## TASK STATEMENT
Reproduce the listing below in its entirety. Change nothing.

## PROVIDED DATA

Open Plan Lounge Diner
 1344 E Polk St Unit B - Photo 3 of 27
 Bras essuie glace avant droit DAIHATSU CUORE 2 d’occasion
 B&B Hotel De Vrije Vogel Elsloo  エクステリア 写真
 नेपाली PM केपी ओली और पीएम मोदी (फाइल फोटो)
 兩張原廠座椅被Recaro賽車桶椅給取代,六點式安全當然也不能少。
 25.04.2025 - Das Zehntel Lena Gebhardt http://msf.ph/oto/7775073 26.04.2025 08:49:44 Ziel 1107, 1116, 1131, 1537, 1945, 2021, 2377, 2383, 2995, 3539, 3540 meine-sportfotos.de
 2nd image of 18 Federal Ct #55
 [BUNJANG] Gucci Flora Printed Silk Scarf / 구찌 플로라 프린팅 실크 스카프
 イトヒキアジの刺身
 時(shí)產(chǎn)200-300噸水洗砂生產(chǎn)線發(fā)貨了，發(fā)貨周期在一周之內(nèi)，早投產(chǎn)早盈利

## ANSWER TO THE EXERCISE
Open Plan Lounge Diner
 1344 E Polk St Unit B - Photo 3 of 27
 Bras essuie glace avant droit DAIHATSU CUORE 2 d’occasion
 B&B Hotel De Vrije Vogel Elsloo  エクステリア 写真
 नेपाली PM केपी ओली और पीएम मोदी (फाइल फोटो)
 兩張原廠座椅被Recaro賽車桶椅給取代,六點式安全當然也不能少。
 25.04.2025 - Das Zehntel Lena Gebhardt http://msf.ph/oto/7775073 26.04.2025 08:49:44 Ziel 1107, 1116, 1131, 1537, 1945, 2021, 2377, 2383, 2995, 3539, 3540 meine-sportfotos.de
 2nd image of 18 Federal Ct #55
 [BUNJANG] Gucci Flora Printed Silk Scarf / 구찌 플로라 프린팅 실크 스카프
 イトヒキアジの刺身
 時(shí)產(chǎn)200-300噸水洗砂生產(chǎn)線發(fā)貨了，發(fā)貨周期在一周之內(nèi)，早投產(chǎn)早盈利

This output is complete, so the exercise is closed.